@JUDGMENTTAG-ORDER
R. Mala, J.@mdashThe criminal revision arises out of the judgment of conviction and sentence, dated 06.12.2007, in C.A. No. 4/2007, passed by the learned VI Additional Sessions Judge, Chennai, whereby the accused was convicted for the offence u/s 138 of Negotiable Instruments Act and sentenced to undergo simple imprisonment for six months and to pay a compensation of Rs. 20,00,000/- to the complainant within three months, in default, to undergo three months'' simple imprisonment, confirming the judgment of conviction and compensation, but modifying the sentence (i.e.) reducing the sentence from two years into six months, dated 11.12.2006 in C.C. No. 2446/2001 passed by the learned XVIII Metropolitan Magistrate, Saidapet, Chennai-15.

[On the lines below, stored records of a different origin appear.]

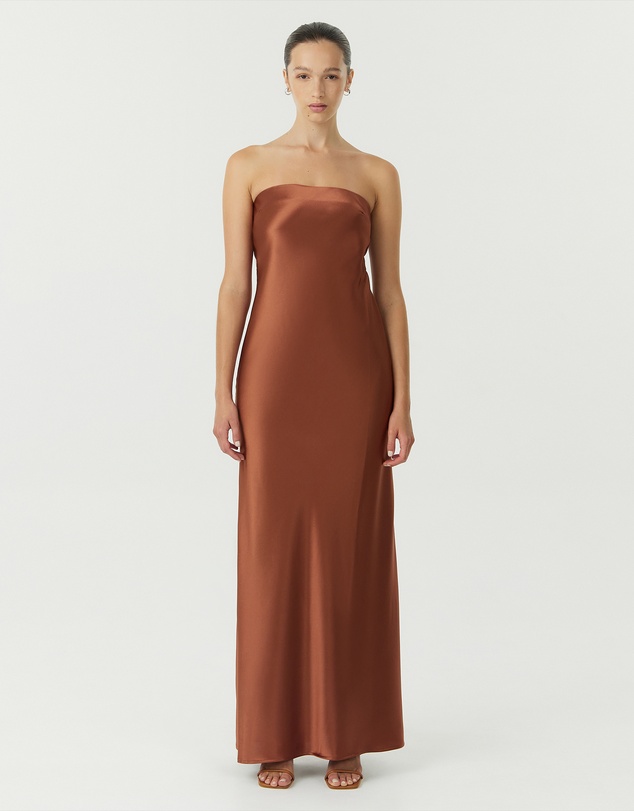 Third Form - Satin Tie Back Strapless Maxi Dress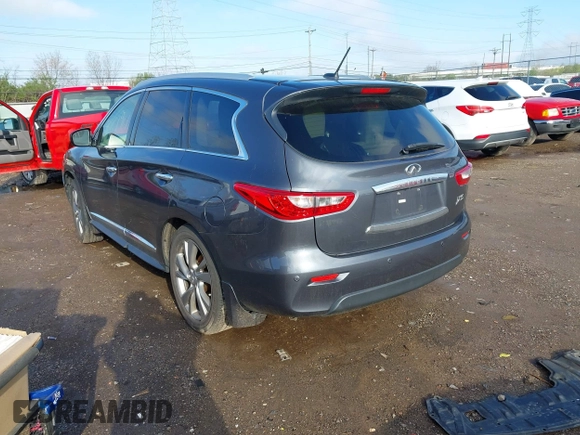 2013 Infiniti JX35 with VIN 5N1AL0MM4DC303338, listed as a IAAI auction lot 41961761 with 170,572 mi miles. Bid and sale history available at carsss.com. Image 3.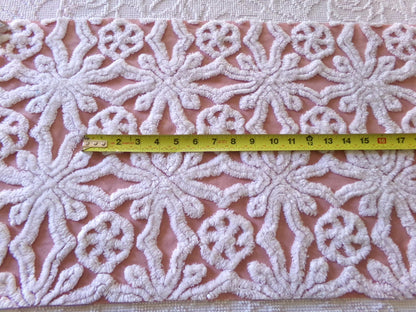 Plush Snowflake Pinwheel Vintage Chenille Fabric, 15x28" Sewing Quilt Textile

2. The case of the Respondent/complainant is that the Petitioner/accused, who is the proprietor of M/S. K.B. Films, approached the Respondent/complainant and borrowed a sum of Rs. 20,00,000/- for the purpose of producing Tamil film and executed the promissory notes under Ex.P1 series. Towards the discharge of said liability, the accused issued Exs.P2 and P3 two cheques bearing Nos. 178559 and 178558, dated 11.09.2000 and 12.09.2000, for Rs. 10,00,000/- each. When the cheques were presented in the Bank for encashment, they returned on 20.02.2001 as "Funds insufficient" and the return memo was marked as Ex.P4. Thereafter, the complainant issued a statutory notice Ex.P6 to the accused on 05.03.2001 and received the same by the accused on 09.03.2001 as per Ex.P8 acknowledgement card. The accused neither sent any reply to the notice nor repaid the amount. Hence, the Respondent/complainant constrained to file a complaint against the Petitioner/accused u/s 138 of Negotiable Instruments Act.

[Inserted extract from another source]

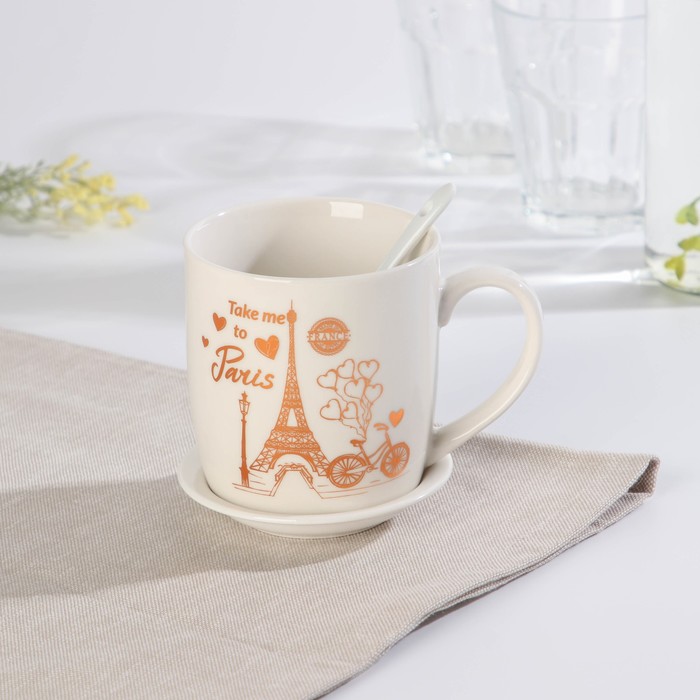 Кружка 320 мл "Париж", с подставкой и ложкой, рисунок МИКС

3. The trial Court, after following the procedure and examining the witnesses P.W.1 and D.W.1 and perused the documentary evidence under Exs.P1 to P9, convicted the accused u/s 138 of Negotiable Instruments Act and sentenced him to undergo simple imprisonment for two years and to pay a compensation of Rs. 20,00,000/- to the complainant u/s 357(3) Code of Criminal Procedure within three months, in default in payment, to undergo simple imprisonment for three months, against which, the accused preferred an appeal in C.A. No. 4/2007. The learned VI Additional Sessions Judge, after hearing the arguments of both sides counsel, confirmed the conviction and compensation and modified the sentence from two years into six months simple imprisonment, against which, the accused has come forward with the present revision.

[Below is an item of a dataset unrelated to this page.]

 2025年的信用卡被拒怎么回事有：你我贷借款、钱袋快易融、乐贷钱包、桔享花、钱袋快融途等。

4. Challenging the said conviction and sentence, the learned Counsel for the Petitioner/accused submitted that the cheques and promissory notes contained the signature of the accused, but he has not given to the Respondent/complainant. There is no loan transaction between both the parties. Since one Sarath Kumar, who is acting in his film, borrowed money and he handed over the said promissory notes under Ex.P1 series and cheques under Exs.P2 and P3 to the Respondent/complainant. So there is no legally enforceable debt on the date of issuance of cheques under Exs.P2 and P3. Hence, the ingredients of Section 138 of Negotiable Instruments Act is not made out against the Petitioner/accused. He further submitted that the Respondent/complainant also filed a criminal complaint u/s 138 of Negotiable Instruments Act against the said Sarath Kumar in C.C. No. 6371/2002. There was a memorandum of understanding under Ex.P9 entered into between the Petitioner and the Respondent herein on 06.01.2003. In view of Ex.P9, the amount of Rs. 5,00,000/- has been paid and the balance amount of Rs. 10,00,000/- shall be paid on or before 06.07.2003. In pursuance of clause-2 of the memorandum of understanding, the Respondent/complainant has withdrawn the case in C.C. No. 6371/2002, so nothing survives in the case. Hence, he prayed for the acquittal of the Petitioner/accused. To substantiate his arguments, he relied upon the decisions reported in 2000 Bankman 513 and (2009) 1 MLJ (Cri) 120.
5. Refuting the same, the learned Counsel for the Respondent/complainant submitted that the Petitioner/accused himself admitted the signature in both the cheques and the promissory notes. In such circumstances, the Petitioner is entitled to the presumption under Sections 118 and 139 of Negotiable Instruments Act. As per the dictum laid down in 2010 (2) C.L.T. 713, even though it is rebuttable presumption, there is no evidence on the side of the Petitioner to rebutt the presumption. Even though he was examined as D.W.1, in his evidence itself, it was clearly proved that Exs.P1 to P3 were issued for discharging legally enforceable debt. Both the Courts below have considered all the aspects in proper perspective and came to the correct conclusion. So there is no illegality or irregularity in the conviction passed by both the Courts below. Hence, he prayed for dismissal of the revision.
6. Considered the rival submissions made on both sides and the materials available on records.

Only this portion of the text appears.